Quais são os procedimentos? Entenda como é feito uma prótese sobre implante!

Em todo implante há a primeira fase, que é a fase cirúrgica, quando colocamos o pino de titânio dentro do suporte ósseo.

Em seguida, aguardamos um determinado tempo para que haja a ósseo integração desse pino. Depois isso, entramos na segunda fase quando se abre o implante e trabalha-se sobre a fase protética sobre o pino.

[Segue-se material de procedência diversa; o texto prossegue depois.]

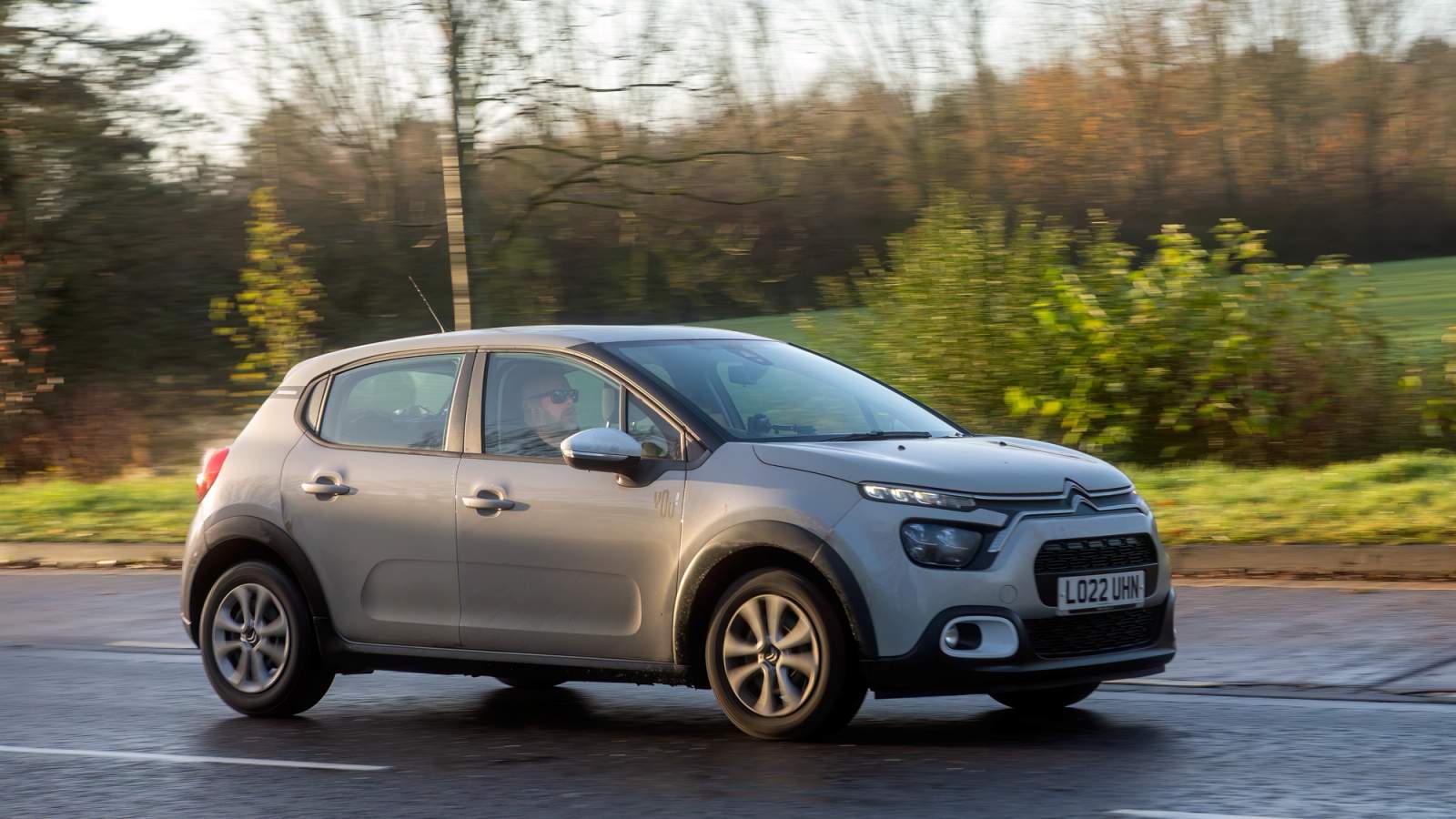 citroen on the road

No momento em que abrimos o implante, retiramos o coverscrew, tapa implante, e colocamos o cicatrizador, cuja função é formar gengiva ao redor do implante de tal forma em que no momento em que formos fazer a parte protética já tenhamos a quantidade de gengiva inserida ao redor do implante. Portanto retira-se o cicatrizador e colocamos o transferente, que transferimos através de uma moldagem para se fazer o modelo do trabalho.

Quando temos a moldagem e o transferente já posicionados na moldagem pedimos a fábrica um análogo, que é um implante igual aquele que está dentro do suporte ósseo do paciente, ou seja, reproduzimos no modelo o mesmo tipo e a mesma plataforma do implante identicamente ao que está na boca do paciente. E só aí é que começamos o trabalho protético.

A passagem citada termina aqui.